Disclaimer: The technology tested here is not currently supported by VMware and may never be. This is not recommended for use in any production environment, especially where VMware support is required.
NVMe™ is becoming mainstream, and much of the industry is pushing to adopt this technology as a higher performance standard, including VMware for vSAN™. The NVMe protocol, which was built specifically for solid state drives (SSDs), has numerous performance advantages over traditional SAS/SATA storage, with improved latency being perhaps the most important. The NVMe protocol on the PCIe interface bypasses much of the stack overhead of SAS/SATA protocols, and thus is able to deliver lower latency, more IOPS, and higher throughput while also reducing CPU clock cycles, power consumption, heat output, etc.
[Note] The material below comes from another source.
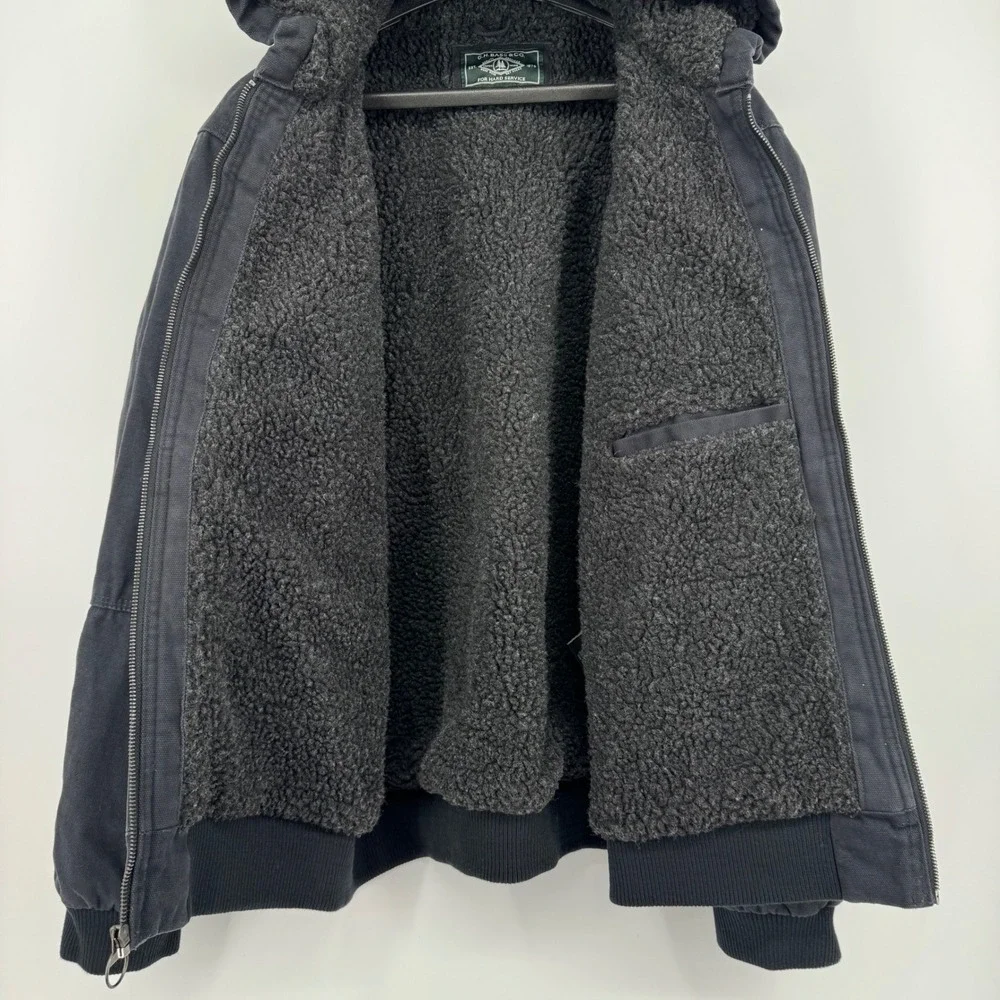 VTG GH Bass & Co Mens XL Black Canvas Sherpa Lined Hooded Workwear Jacket Bomber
Introducing the little-known NVMe namespaces
A feature of the NVMe protocol that not many people are familiar with is namespaces. Namespaces allow you to carve an SSD into logically separate smaller drives, like partitions. But, unlike partitions, namespaces each have their own submission and completion queues allowing for highly parallelized operations. All NVMe drives utilize namespaces, but most drives support only a single namespace and come pre-configured with the primary namespace taking up the entire drive capacity. With the Micron® 9300 MAX NVMe SSD, you can configure up to 32 separate namespaces in any size you want.
Because the smallest size Micron 9300 drive offered is 3.84TB, I realized it doesn’t make sense to use an entire 9300 NVMe SSD for a vSAN cache device, considering only 600GB would be utilized. I then had the crazy idea to separate the SSD into smaller logical drives using namespaces and to present each of them to the VMware ESXi hypervisor as separate storage devices.
“Why would you do this?” Scaling!
Imagine a small ROBO configuration utilizing minimal servers with very few drive slots. With traditional vSAN configurations, you need several drives to scale performance, since vSAN adds additional threads with each additional disk group. If you are limited to only a few slots, you are basically stuck with a single disk group, which limits your performance (as well as your capacity) since one slot must be reserved for the cache drive. The Micron 9300 SSD can go up to 15.36TB in a single U.2 drive, allowing for very high density, and—with namespaces—very high performance as well. Another use case could be in edge computing with minimal servers. This could even be used outside of vSAN, such as for scratch disks passed as RDMs to multiple VMs.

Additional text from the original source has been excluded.